Despite soaring global demand for natural gas, Canadian producers are struggling with volatile prices and deep discounts. The result is that Western Canadians now have access to some of the cheapest natural gas in the world.

In August, the spot price for gas briefly turned negative at Alberta’s AECO hub, one of the largest storage facilities in North America. This week, two gas producers temporarily cut production due to weak prices.

Lower prices have benefited consumers and resource companies in Western Canada. But producers warned the pricing slump also means lost royalty revenues for the Alberta government and risks deterring capital investment.

Canadian gas producers have been struggling with volatile pricing for years because of capacity limitations on pipelines shipping gas from Alberta and B.C. to markets across North America. The problem tends to worsen every summer because of pipeline maintenance work.

Rising production, maintenance on TC Energy’s Nova Gas Transmission Line, along with outages at processing facilities this summer, have created bottlenecks in Alberta and helped to drive down prices. The Nova Gas Transmission Line is the main system for gathering and transporting natural gas out of Western Canada, accounting for around 75 per cent of Canada’s overall production.

Prices have recovered since late August, but the discount to the U.S. benchmark price is still more than $5.

The Canada Energy Regulator is monitoring the situation, but will not intervene without being asked by parties involved, said the agency’s chief economist Jean-Denis Charlebois.

In 2019, when AECO prices endured a longer-lasting slump, the regulator enacted a protocol that allowed shippers to put more gas into storage and avoid selling it at very low prices.
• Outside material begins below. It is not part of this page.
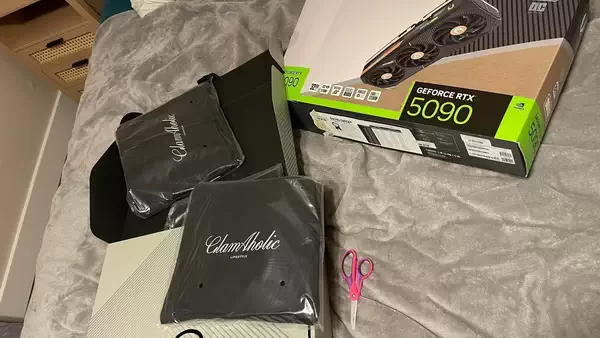 乌龙事件？美国电脑城曝出 GeForce RTX 5090 诈骗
That protocol expired at the end of 2020.

The regulator is open to helping improve the situation, including hearing revised tariff proposals or conducting workshops to help communication between parties, Mr. Charlebois said.

TC Energy attributed the deep AECO discount to abundant western Canadian supply and limited pipeline space, and said the solution is to build extra capacity. The company said it is working to add capacity, but has been delayed by weather, labour shortages, increasing environmental requirements and regulatory and government delays, a spokesperson added.